Thursday, September 3, 2015

Miracleman: The Golden Age #1

   When Eclipse Comics picked up the publishing of Miracleman, Alan Moore was the writer - but when he wrapped his ground-breaking storyline, a new author took over - some guy named Neil Gaiman.

   If I'm remembering correctly, that was the first American work by Gaiman (his Sandman series started not long after, I believe).

   At any rate, it was the first time I remember reading his work. Frankly, I wasn't expecting much. Who could match up to Moore's work?

   Needless to say, he was a great choice. Gaiman took the series in a completely different direction, crafting individual issues, each one a gem, examining the new world left in the wake of Moore's city-shattering series.

   Teamed with artist Mark Buckingham, the stories gave us insights into a world of wonders, where miracles were everyday events - but things are rarely what they seem.

   Gaiman built a new mythology - or religion, if you like - based on the godlike heroes in the Miracleman family.

   This issue follows a small group of people who undertake a massive challenge - climbing to the top of the temple the Miracles have built on the bones of London. Each one has a request - a prayer - to offer to Miracleman - but will they survive the experience?

   Buckingham's art is an interesting mix of amazing architecture and environments - stunning work, really - but some of his characters are surprisingly sketchy. But it works well for this story, bringing a world of mystery and magic to life.

   The series shows that Gaiman knew how to capture magic on the page practically from the start.
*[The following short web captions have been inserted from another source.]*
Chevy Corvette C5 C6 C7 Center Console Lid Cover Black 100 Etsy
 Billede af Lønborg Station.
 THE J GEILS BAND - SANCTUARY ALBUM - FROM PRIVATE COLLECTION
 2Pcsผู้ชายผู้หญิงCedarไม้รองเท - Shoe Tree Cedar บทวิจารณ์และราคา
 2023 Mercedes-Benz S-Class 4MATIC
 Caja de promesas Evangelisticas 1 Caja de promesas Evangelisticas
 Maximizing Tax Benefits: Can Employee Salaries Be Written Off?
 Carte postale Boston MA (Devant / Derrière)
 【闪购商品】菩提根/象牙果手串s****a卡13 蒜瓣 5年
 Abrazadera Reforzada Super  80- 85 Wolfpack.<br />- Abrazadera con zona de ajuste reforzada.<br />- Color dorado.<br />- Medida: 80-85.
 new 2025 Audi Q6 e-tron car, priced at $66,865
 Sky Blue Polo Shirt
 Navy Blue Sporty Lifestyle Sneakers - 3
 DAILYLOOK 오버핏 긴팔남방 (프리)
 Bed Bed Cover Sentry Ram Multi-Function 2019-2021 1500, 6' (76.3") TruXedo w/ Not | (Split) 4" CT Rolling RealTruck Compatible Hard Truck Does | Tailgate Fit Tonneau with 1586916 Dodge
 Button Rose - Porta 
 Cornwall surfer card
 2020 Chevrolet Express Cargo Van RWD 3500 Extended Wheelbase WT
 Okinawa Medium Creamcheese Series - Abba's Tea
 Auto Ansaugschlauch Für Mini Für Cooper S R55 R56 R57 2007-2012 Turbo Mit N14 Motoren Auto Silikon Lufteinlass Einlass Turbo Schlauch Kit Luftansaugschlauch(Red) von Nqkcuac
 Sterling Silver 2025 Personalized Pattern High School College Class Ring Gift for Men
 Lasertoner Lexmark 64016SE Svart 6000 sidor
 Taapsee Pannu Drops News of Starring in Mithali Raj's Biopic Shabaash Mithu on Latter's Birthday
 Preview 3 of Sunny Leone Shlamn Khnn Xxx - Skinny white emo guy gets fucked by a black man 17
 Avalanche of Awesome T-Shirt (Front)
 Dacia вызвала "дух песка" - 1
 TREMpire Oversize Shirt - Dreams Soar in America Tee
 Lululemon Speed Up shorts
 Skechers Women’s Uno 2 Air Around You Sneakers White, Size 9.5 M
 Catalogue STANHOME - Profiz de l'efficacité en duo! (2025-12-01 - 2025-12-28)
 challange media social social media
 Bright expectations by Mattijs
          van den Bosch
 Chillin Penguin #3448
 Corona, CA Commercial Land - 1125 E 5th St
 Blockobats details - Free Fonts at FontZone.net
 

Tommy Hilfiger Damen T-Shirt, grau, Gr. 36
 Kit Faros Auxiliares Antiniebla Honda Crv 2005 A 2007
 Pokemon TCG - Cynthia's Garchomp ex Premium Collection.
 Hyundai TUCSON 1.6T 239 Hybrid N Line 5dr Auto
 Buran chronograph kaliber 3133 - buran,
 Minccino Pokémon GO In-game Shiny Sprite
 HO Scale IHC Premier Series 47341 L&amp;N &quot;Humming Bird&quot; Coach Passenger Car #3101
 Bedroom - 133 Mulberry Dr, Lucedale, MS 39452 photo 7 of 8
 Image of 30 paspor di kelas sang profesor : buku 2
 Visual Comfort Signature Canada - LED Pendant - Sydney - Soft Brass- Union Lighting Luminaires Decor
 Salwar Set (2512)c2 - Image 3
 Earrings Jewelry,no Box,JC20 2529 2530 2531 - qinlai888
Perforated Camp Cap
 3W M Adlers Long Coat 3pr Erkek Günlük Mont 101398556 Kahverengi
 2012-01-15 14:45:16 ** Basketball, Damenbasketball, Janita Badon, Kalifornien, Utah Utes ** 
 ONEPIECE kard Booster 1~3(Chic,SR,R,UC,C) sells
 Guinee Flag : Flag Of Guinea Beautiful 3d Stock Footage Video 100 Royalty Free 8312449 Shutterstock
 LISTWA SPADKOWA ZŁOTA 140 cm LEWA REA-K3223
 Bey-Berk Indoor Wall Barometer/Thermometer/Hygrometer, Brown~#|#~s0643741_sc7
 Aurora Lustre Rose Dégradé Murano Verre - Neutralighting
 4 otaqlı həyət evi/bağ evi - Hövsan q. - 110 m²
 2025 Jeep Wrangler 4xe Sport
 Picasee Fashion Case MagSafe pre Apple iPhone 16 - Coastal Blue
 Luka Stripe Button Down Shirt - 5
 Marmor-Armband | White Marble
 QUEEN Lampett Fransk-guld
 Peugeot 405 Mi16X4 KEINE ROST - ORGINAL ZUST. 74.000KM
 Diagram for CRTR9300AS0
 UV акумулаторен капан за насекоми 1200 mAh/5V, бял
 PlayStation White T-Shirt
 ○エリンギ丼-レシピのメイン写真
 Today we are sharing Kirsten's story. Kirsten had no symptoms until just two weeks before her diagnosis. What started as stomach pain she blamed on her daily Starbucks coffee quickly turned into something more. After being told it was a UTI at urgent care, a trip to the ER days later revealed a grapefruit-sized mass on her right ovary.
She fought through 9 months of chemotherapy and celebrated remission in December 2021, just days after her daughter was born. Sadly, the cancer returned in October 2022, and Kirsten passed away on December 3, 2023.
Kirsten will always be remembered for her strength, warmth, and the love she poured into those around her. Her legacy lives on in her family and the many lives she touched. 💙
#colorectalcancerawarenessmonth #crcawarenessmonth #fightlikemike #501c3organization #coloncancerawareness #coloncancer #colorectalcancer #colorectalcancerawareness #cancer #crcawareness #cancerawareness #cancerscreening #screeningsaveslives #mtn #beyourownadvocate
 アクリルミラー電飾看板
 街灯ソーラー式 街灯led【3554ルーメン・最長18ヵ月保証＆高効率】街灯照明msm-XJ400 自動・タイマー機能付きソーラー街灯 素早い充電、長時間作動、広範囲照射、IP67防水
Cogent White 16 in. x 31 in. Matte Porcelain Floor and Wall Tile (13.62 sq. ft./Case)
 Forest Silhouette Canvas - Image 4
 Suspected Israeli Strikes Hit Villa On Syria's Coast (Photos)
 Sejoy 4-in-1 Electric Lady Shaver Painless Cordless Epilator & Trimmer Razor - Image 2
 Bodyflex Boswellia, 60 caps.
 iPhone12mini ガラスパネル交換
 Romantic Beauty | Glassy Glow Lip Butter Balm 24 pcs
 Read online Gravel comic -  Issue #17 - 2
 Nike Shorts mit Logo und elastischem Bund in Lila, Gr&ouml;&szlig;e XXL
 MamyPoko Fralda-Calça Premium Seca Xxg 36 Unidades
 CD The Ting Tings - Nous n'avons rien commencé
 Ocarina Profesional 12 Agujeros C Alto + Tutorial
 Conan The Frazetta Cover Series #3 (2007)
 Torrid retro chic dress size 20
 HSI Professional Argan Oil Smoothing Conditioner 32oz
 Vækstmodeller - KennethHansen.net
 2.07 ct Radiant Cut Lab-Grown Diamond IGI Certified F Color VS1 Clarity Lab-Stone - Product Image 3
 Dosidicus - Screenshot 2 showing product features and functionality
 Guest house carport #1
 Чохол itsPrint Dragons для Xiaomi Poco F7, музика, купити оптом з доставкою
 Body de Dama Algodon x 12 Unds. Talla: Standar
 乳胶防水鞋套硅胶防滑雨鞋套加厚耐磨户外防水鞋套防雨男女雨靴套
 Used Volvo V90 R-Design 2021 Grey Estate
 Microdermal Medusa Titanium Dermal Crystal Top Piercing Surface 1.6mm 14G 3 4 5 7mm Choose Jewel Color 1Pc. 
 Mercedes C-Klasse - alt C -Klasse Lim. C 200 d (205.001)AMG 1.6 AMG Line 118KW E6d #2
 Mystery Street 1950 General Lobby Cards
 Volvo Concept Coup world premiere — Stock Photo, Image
   Best of all, this series (I believe) will finally print the never-published stories Gaiman wrote some 25 years ago.

   It's about time!

Grade: A




El Vox said...

Gaiman did a short (3?) issue Black Orchid series for DC too, but I think it came after Miracle Man too, but before Sandman. I seem to remember she meets up with Swamp Thing (since they're both sort of plant-like), but it's been a while since I've read or looked at those. They had good art in them too.

Chuck said...

El Vox, Yes, I liked the Black Orchid mini-series, too - but the Miracleman stories were the first one where I thought, "This guy can write!" His work on Sandman cemented it (though I didn't catch on to that series until around issue #10 - thank goodness for collections)!